WHEREAS, Seller and Buyer have entered into the Agreement;
Section 1. Amendments.
(a) Defined Terms. Unless otherwise defined herein, terms defined in the Agreement are used herein as therein defined.
(b) Section 11(o) of the Agreement is hereby amended and restated in its entirety to read:
“Leverage Ratio. Guarantor will not permit (i) the Quarterly Average Leverage Ratio for any period of measurement to be greater than 10.0 to 1.0, (ii) the Daily Leverage Ratio on any date to be greater than 15.0 to 1.0, or (iii) the Adjusted Leverage Ratio as of the last day of each fiscal quarter to be greater than 12.0 to 1.0. NCMC will not permit the Leverage Ratio of NCMC to be greater than 10.0 to 1.0 as of the last day of each fiscal quarter of NCMC.”
(c) Section 11(o) of the Agreement is hereby amended and restated in its entirety to read:
“Restricted Payments. Guarantor, NCCC and NCMC will not make any Restricted Payments, other than (a) dividends paid by Guarantor on its Common Stock not to exceed $0.60 per share in any calendar year, or dividends in the form of Common Stock if such dividend is used to accomplish a stock split, (b) repurchases by Guarantor of up to 5,000,000 shares of its Common Stock on the open market or in negotiated transactions; and (c) dividends paid by NCMC to Guarantor to enable Guarantor to pay dividends as provided in clause (a) above; provided, that in each case both before and after giving effect to such dividends or repurchases, Guarantor, NCCC and NCMC are in compliance
with the covenants set forth in Section 11 of this Agreement and no Event of Default or Default has occurred and is continuing.”
Section 2. Effectiveness of the Amendment. The Amendment shall become effective upon receipt by the Buyer of evidence satisfactory to the Buyer that this Amendment has been executed and delivered by the Seller.
Section 3. Ratification of Agreement. As amended by this Amendment, the Agreement is in all respects ratified and confirmed and the Agreement as so modified by this Amendment shall be read, taken, and construed as one and the same instrument.

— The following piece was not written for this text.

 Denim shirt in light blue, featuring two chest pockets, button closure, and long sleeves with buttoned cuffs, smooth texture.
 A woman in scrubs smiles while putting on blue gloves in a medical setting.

Section 4. Representations and Warranties. To induce the Buyer to enter into this Amendment, the Seller hereby represents and warrants to the Buyer that, after giving effect to the amendments provided for herein, the representations and warranties contained in the Agreement and the other Repurchase Documents will be true and correct in all material respects as if made on and as of the date hereof and that no Default or Event of Default will have occurred and be continuing.

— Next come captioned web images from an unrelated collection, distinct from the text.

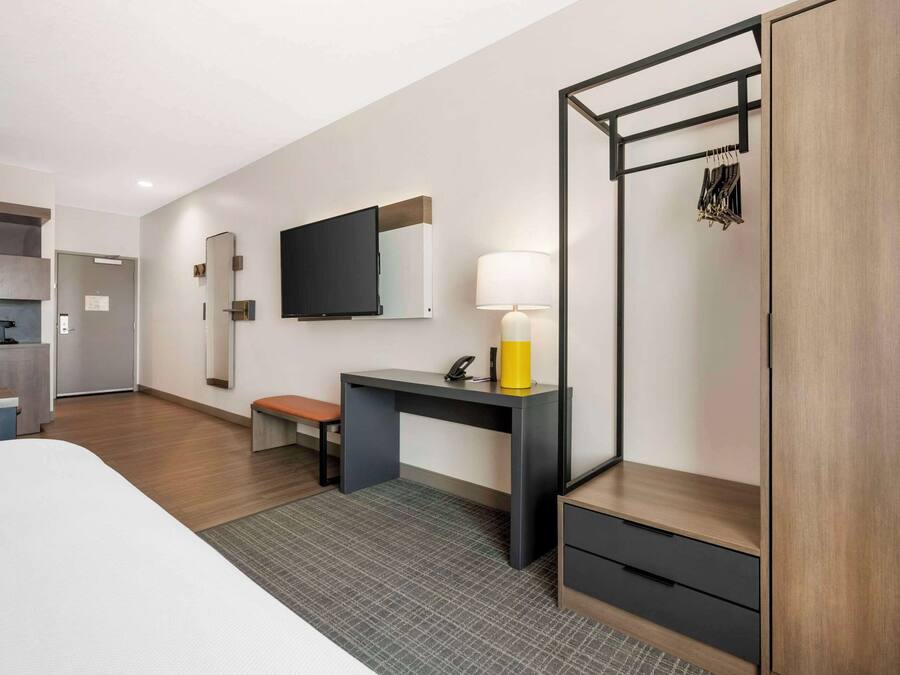 Et moderne hotelværelse med seng, skrivebord med lampe, fjernsyn og garderobeskab.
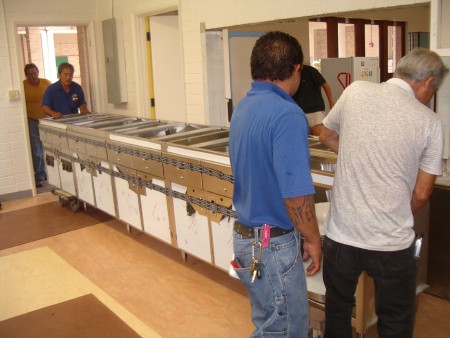 The contractors rolled in the custom-made counter for the space under the pass through The contractors rolled in the custom-made counter for the space under the pass through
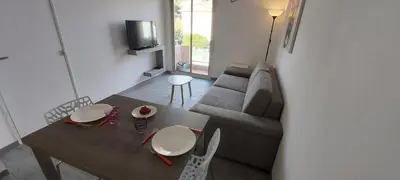 a living room with a couch and a table at Studio Cosy proche Carlone, balcon in Nice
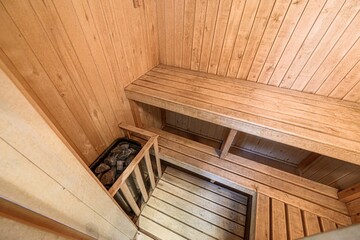sauna interior featuring wooden walls, benches, and a rock-filled heater in the corner. The warm tone of the wood creates a relaxing and inviting atmosphere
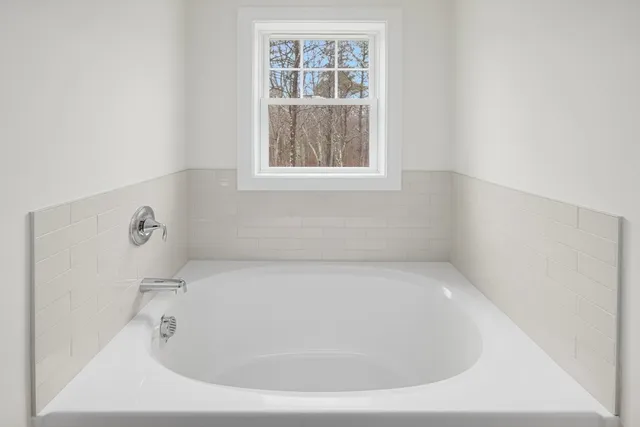 a white bath tub sitting in a bathroom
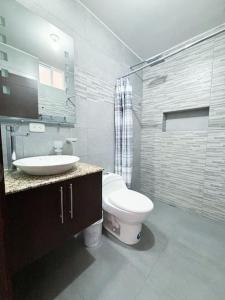 a bathroom with a toilet and a sink at Home Ibarra Parque Ciudad Blanca in Ibarra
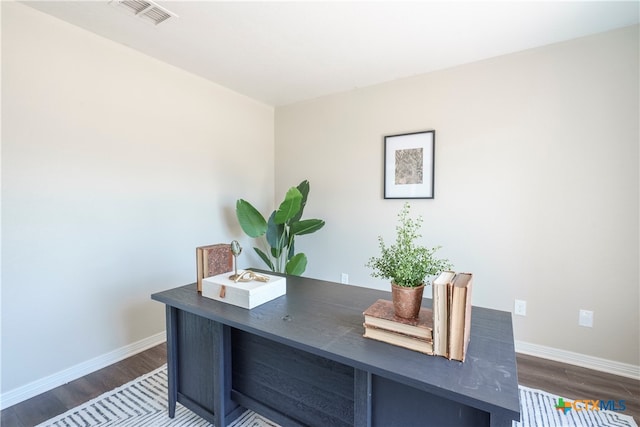 office space featuring dark hardwood / wood-style floors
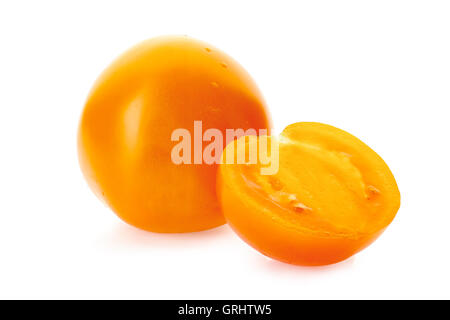 Yellow tomatoe with half slice on white Stock Photo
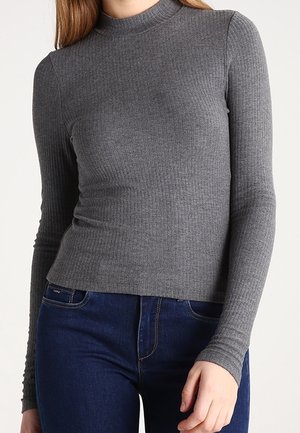 Vrouw draagt een aansluitend geribd grijs topje met lange mouwen en een col, gecombineerd met donkerblauwe jeans, tegen een effen achtergrond.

Section 5. No Other Amendments. Except as expressly amended hereby, the Agreement and the other Repurchase Documents shall remain in full force and effect in accordance with their respective terms, without any waiver, amendment or modification of any provision thereof.
Section 6. Counterparts. This Amendment may be executed in any number of counterparts, each of which so executed shall be deemed to be an original, but all of such counterparts shall together constitute but one and the same instrument.

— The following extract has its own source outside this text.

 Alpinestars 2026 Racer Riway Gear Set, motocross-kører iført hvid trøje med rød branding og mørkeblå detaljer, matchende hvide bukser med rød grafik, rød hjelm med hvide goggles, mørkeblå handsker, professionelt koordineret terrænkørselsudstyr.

Section 7. Expenses. The Seller agrees to pay and reimburse the Buyer for all of the out-of-pocket costs and expenses incurred by the Buyer in connection with the preparation, execution and delivery of this Amendment, including, without limitation, the fees and disbursements of its attorneys.
Section 8. GOVERNING LAW.
THIS AGREEMENT SHALL BE GOVERNED BY AND CONSTRUED IN ACCORDANCE WITH THE LAWS OF THE STATE OF NEW YORK, WITHOUT REGARD TO CONFLICTS OF LAW PRINCIPLES.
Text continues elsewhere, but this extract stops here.